I've since googled if such a thing could happen without much luck - I haven't been able to locate or identify those scientists.  Using my own rather rudimentary understanding of physics I don't believe this could happen. If we believe this source then the sun will have the majority of its mass when it burns out, leaving the gravitational effects largely unchanged (or surely not enough to eject our planet).
My question is - is there a way that the earth could conceivably be ejected from the solar system when the sun burns out?
 A: There doesn't seem to be any large possibility of the earth wandering space unattached to (the remnants) of the Sun.
Scientific American covered Earth's long-term fate in 2008
The Sun Will Eventually Engulf Earth--Maybe

Although scientists agree on the sun’s future, they disagree about what will happen to Earth. Since 1924, when British mathematician James Jeans first considered Earth’s fate during the sun’s red giant phase, a bevy of scientists have reached oscillating conclusions. In some scenarios, our planet escapes vaporization; in the latest analyses, however, it does not.
The answer is not straightforward, because although the sun will expand beyond Earth’s orbit, or one astronomical unit (AU), it will lose mass along the way. As a result, Earth should drift outward as the gravitational tug lessens over time. (At its maximum radius of 1.2 AU, the sun will have lost about one third of its mass, compared with its current heft.) In this way, Earth could escape solar envelopment.

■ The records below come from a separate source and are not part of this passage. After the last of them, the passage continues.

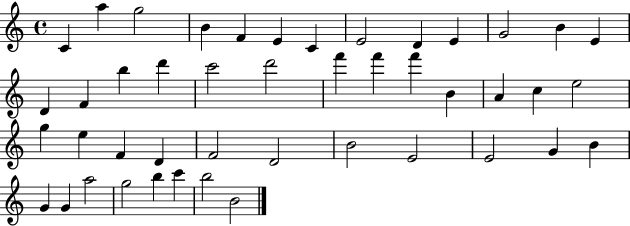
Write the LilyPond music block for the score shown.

{
  \clef treble
  \time 4/4
  \defaultTimeSignature
  \key c \major
  c'4 a''4 g''2 | b'4 f'4 e'4 c'4 | e'2 d'4 e'4 | g'2 b'4 e'4 | \break d'4 f'4 b''4 d'''4 | c'''2 d'''2 | f'''4 f'''4 f'''4 b'4 | a'4 c''4 e''2 | \break g''4 e''4 f'4 d'4 | f'2 d'2 | b'2 e'2 | e'2 g'4 b'4 | \break g'4 g'4 a''2 | g''2 b''4 c'''4 | b''2 b'2 | \bar "|."
}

That's escape envelopment, not escape orbit.

According to space.com
Long Shot: Planet Could Hit Earth in Distant Future
Collisions between planets might conceivably lead to the ejection of Earth from orbit

And as the sun ages, it is expected to swell and lose mass; previous studies have shown that could have significant effects on the planets in the next 7 billion years or so. Earth might be vaporized when this happens, or it might ? with a gravitational assist from a passing star ? be booted right out of the solar system. A study in 2001 by Laughlin, then at NASA, and Fred Adams of the University of Michigan put the odds of the Earth being ejected at one-in-100,000.